___ The input

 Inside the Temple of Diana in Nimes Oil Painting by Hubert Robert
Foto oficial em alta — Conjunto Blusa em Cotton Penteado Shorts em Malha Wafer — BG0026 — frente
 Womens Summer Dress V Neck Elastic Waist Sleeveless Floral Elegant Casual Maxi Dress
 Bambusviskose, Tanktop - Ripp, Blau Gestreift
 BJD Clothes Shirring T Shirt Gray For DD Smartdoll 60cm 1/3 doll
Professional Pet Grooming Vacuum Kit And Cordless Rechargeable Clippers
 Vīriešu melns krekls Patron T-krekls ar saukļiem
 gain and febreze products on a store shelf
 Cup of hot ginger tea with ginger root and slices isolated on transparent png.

______
___ The input

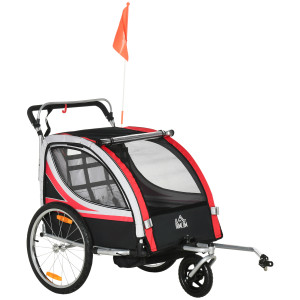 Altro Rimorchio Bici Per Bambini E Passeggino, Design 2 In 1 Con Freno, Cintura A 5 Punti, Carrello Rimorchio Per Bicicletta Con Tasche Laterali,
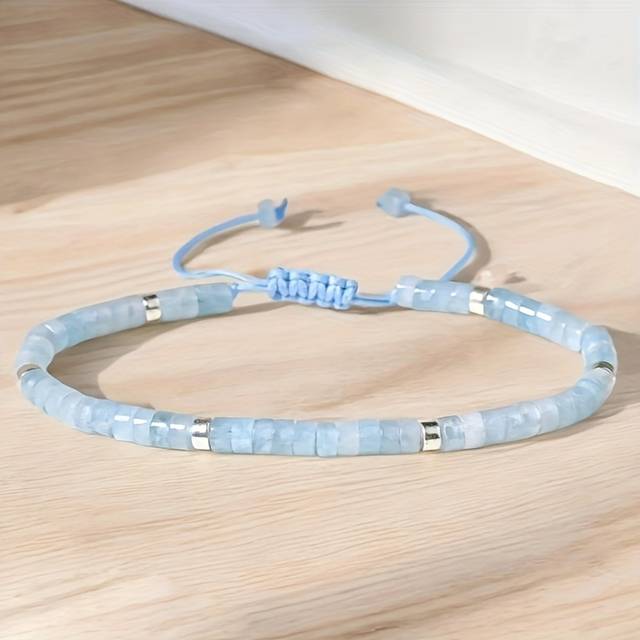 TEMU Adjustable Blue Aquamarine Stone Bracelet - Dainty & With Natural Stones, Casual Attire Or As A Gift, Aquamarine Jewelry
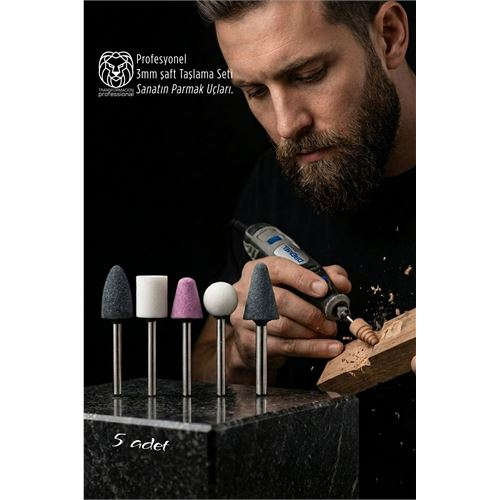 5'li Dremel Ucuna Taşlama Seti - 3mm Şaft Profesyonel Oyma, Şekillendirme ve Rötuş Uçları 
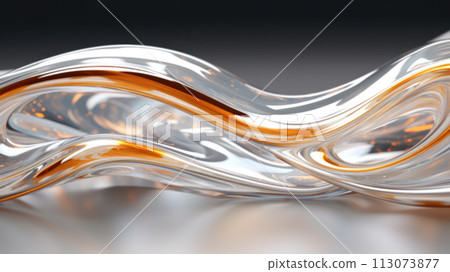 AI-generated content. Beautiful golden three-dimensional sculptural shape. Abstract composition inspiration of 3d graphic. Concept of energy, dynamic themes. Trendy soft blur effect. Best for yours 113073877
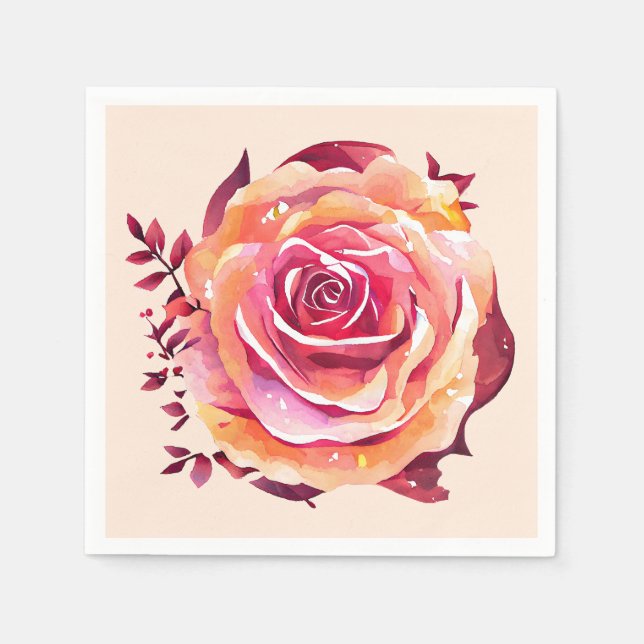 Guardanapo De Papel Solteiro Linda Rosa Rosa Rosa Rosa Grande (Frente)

______

**Exercise description**
Take the records above and return, word for word, only the lines that fall from the line with "Womens Summer Dress" to the line with "Cup of hot ginger", both of them included.

**Response to the exercise**
 Womens Summer Dress V Neck Elastic Waist Sleeveless Floral Elegant Casual Maxi Dress
 Bambusviskose, Tanktop - Ripp, Blau Gestreift
 BJD Clothes Shirring T Shirt Gray For DD Smartdoll 60cm 1/3 doll
Professional Pet Grooming Vacuum Kit And Cordless Rechargeable Clippers
 Vīriešu melns krekls Patron T-krekls ar saukļiem
 gain and febreze products on a store shelf
 Cup of hot ginger tea with ginger root and slices isolated on transparent png.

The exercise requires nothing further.